Cell Companies in the Shipping and Aviation Industries

By virtue of Legal Notice 248 of 2020 the Minister for Economy, Investment and Small Businesses introduced the Companies Act (Shipping and Aviation Cell Companies) Regulations (the “Regulations”) with the aim of regulating cell companies carrying on or engaged in the shipping or aviation business. The enactment of the Regulations was made possible by means of the Companies Act (the “Act”), which power was inferred onto the Minister by virtue of Act V of 2020.

In accordance with Article 84E(b) of the Act, “shipping or aviation business” consists of:

  • The ownership, operation under charter, lease, or otherwise, administration and management of a ship, aircraft, or aircraft engine, and the carrying on of all ancillary financial, security, commercial and other activities in connection therewith; or
  • The activities of a parent company and/or the company which holds shares or other equity interests in any undertaking established solely or mainly to carry out any one or more of the aforementioned, and carrying on of all ancillary financial, security, commercial and other activities in connection therewith; or
  • The raising of capital through loans, the issue of guarantees, or the issue of securities by an undertaking, when the purpose of such activity is to achieve the objects or activities stated above for the undertaking itself or for any other undertaking within the same group; or
  • The carrying on of any other objects or activities within the maritime or aviation sector as the Minister may prescribed from time to time.

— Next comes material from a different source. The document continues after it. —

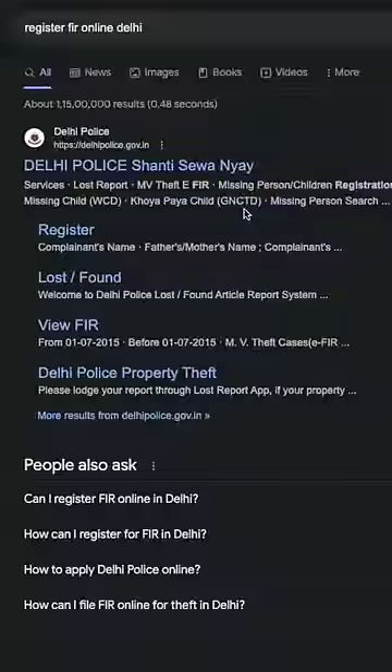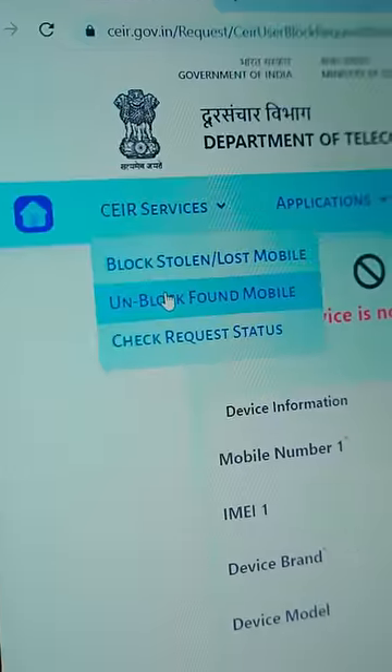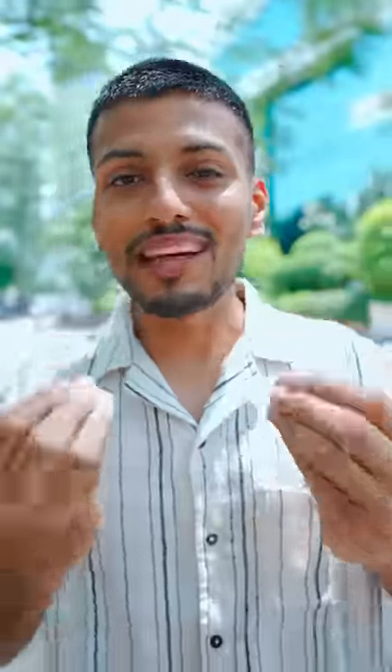The police will give you the phone. If you get the phone, you have to open a website and unblock your phone. This is a little secret information, and we don't have such videos. Subscribe!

Where a cell company is formed or converted from an existing company, the cell company shall be distinguishable from other companies by the inclusion of “Mobile Assets Protected Cell Company”, or “MAPCC” in the company’s registered name. Moreover, each cell of a cell company shall be easily identifiable by having a distinct name or designation.

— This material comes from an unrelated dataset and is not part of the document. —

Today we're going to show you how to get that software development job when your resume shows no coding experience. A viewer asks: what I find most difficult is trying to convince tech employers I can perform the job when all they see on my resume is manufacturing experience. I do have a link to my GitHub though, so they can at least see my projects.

When forming a cell company, the cell companies, together with its Memorandum and Articles of Association shall be registered with the Malta Business Registry (the “MBR”) against a fee prescribed by law. In the event of a conversion of a pre-existing company to a cell company, a copy of the resolution amending the memorandum and articles of association together with the amended version of such must be delivered to the MBR. Notably, once the cell company is registered, the company shall be considered as a single legal person which enables the cell company to segregate and protect its cellular assets. However, any cells created by the cell company shall not constitute a separate and distinct person from the company.

For this reason, directors of a cell company are under the obligation to identify and maintain a clear distinction between cellular and non-cellular assets. Whilst the former relates to the assets which are attributed to a specific cell, the latter relate to those which do not. Hence, it is imperative for directors to maintain separate records, accounts, statements, and any other documents so as to ensure that a clear distinction is made between the assets and liabilities pertaining to each cell, and any non-cellular assets. In any case, when dealing with third parties, the cell company shall inform such third parties that they are dealing with a cell company.

The Regulations also provide for cell shares which may be issued by the cell company, the proceeds of which constitute the cell share capital.  The cell share capital comprises of cellular assets attributable to the issuing cell.

Furthermore, a cell company may issue cellular dividends with respect to the cellular assets or profits which are attributable to the particular cell. However, this shall be strictly limited to the cellular assets as no account shall be taken of assets of any other cell or non-cellular assets. Similarly, any liabilities attributable to a cell shall only be satisfied through the cellular assets attributable to that cell.

Finally, the Regulations state that cell companies and their shares shall comply with the Companies Act (Register of Beneficial Owners) Regulations which apply mutatis mutandis to cell companies and their cells.

Given the benefits associated with cell companies, the new Regulations are a welcomed addition to Maltese legislation, envisaged to be advantageous and useful for the shipping and aviation industries.